It hurts to admit you can’t do everything.
I want to be one of those people who manage a staggeringly large list of projects, both personal and professional. I want to go to bed every single night with my to-dos to-done and a clean page in my day planner for the next day.
I want to find myself thinking, at 2:38 pm in the afternoon, “Gee, I have everything taken care of. Perhaps I should spend the next two hours thinking about my 50,000 foot goals.”
I want people to think I’m goddamn magic.

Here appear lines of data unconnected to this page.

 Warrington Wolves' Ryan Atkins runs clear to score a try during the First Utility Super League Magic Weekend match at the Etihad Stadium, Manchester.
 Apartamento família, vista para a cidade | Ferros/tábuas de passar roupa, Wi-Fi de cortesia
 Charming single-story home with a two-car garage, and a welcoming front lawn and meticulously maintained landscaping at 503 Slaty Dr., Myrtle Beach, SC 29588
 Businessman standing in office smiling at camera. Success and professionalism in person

However, by 2:38 pm I find my life looks more like the following:
I’ve tried. And I’ve sucked. Work done in the digital creative economy just does not conform to neat little borders and timeslots and such. Parkinson’s Law notes that “work expands so as to fill the time available for its completion”, but Belanger’s Corollary states that “should said work involve a computer, then the linear nature of time will go completely out the window and the work will morph into an n-dimensional being that defies any rational laws.”

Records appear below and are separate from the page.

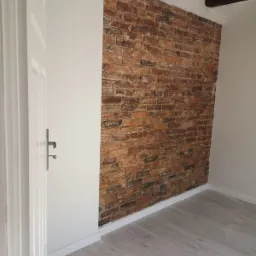 Ściana z cegły dekoracyjnej w odnowionym wnętrzu, widoczne drewniane belki stropowe, białe ściany i panele podłogowe w odcieniach szarości, białe listwy przypodłogowe oraz fragment białych drzwi...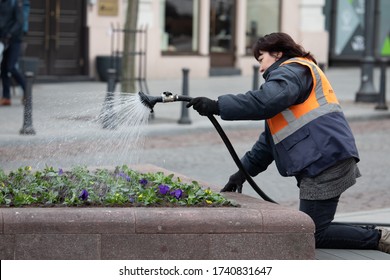 Vilnius, Lithuania - April 11, 2019: Woman City Improvement Worker Sprinkles Water On The Flowers In The Spring.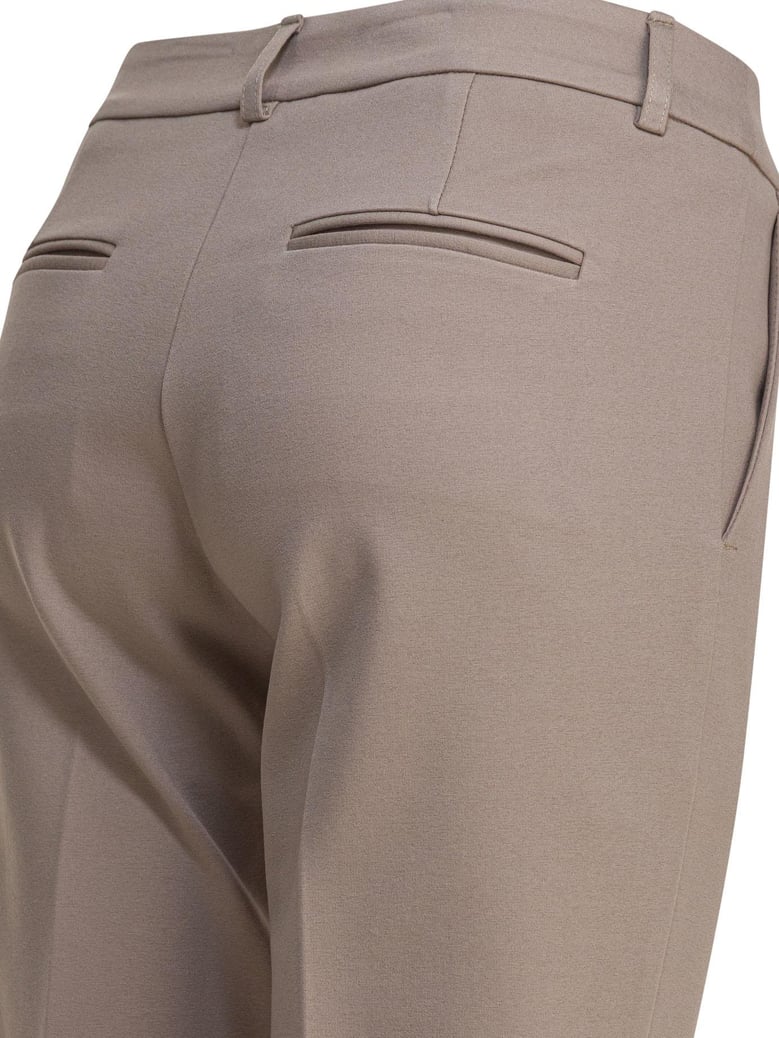 beige elastane trousers by Selfnex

I have my systems, my lifehacks, and my checklists, but eventually I hit a spot where paring things back was really the only way to save my sanity. But GAWD, it’s hard to pare things back when you love everything that you do. I love the volunteer projects, the little on-the-side projects, the big projects at the 9-5, and the hobby projects that I’ve had kicking around for a while.

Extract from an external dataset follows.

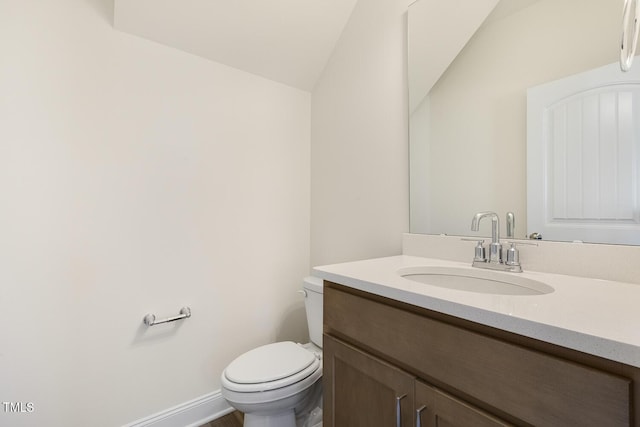 bathroom featuring toilet, vanity, and vaulted ceiling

My first instinct was to say “Okay, anything that doesn’t make me money goes. Good-bye, voracious time-sink of non-paying work!” But I found that wasn’t a terribly good metric to measure the usefulness of a piece of work. Sometimes, the biggest black holes come from the smallest paying projects – the ones where you tell yourself “Yeah, bro, I can knock that out in about 10 hours” and then find yourself at the keyboard, the sun just beginning to rise on the horizon, finally shipping that damn “little” project that you’ve killed yourself all week to get out on time.
And often I find the non-paying work turns out to be incredibly important. Fixing broken USB sticks for your wife’s co-workers. Resurrecting pictures from SD cards that went for an unexpected swim. Reading up on community projects and figuring out how you can contribute. Anything you do that helps improve the quality of life for others, even just a little, is usually worth the time.
So if neither time, nor money, act as good measures of the worth of a project, then what do we use as a metric?
Well, I suspect the true answer is slightly different for everyone, but I’ve realized that the worth of a project can largely be based on its potential for horizontal self-growth (insert dick joke here). Even though I might be skilled at something that’s financially very attractive, if I’m not learning anything new or stretching myself in a certain manner, then the worth of that project goes down significantly.
For example, I’ve built a lot of WordPress sites in the past. There’s no shortage of paying customers who want a custom website, and I’ve managed to pick up a bit of mad WP skillz over time. But with each successive WP install, the potential for learning goes down.
Could I get more and more intimate with the WP codex, develop my own WP themes from scratch and become a CSS expert? I could, but that’s growing in a vertical fashion, and I live by the mantra that learning enough about a technology to satisfy 80% of clients who need it is good enough. Sure, there’s reason to go the extra 20% and get to the guru level, but that enters the realm of diminishing returns. The time and effort (and possibly money) spent to get to the 100% level is usually better allocated to learning about something new.
It feels a little like chasing the shiny all the time (SQUIRREL!), but quite unexpectedly, it’s kept me sane for a while now. It feeds my inner monster that loves to consume knowledge and skills for breakfast and regurgitate cool things for dinner. My latest project is figuring out how to leverage the Twilio SMS and voice message API to act as customer contact portals. (Spoiler: It’s kind of neat.) My next challenge is to turn that into a product somehow that pays. I’ll have to get back to you on that one.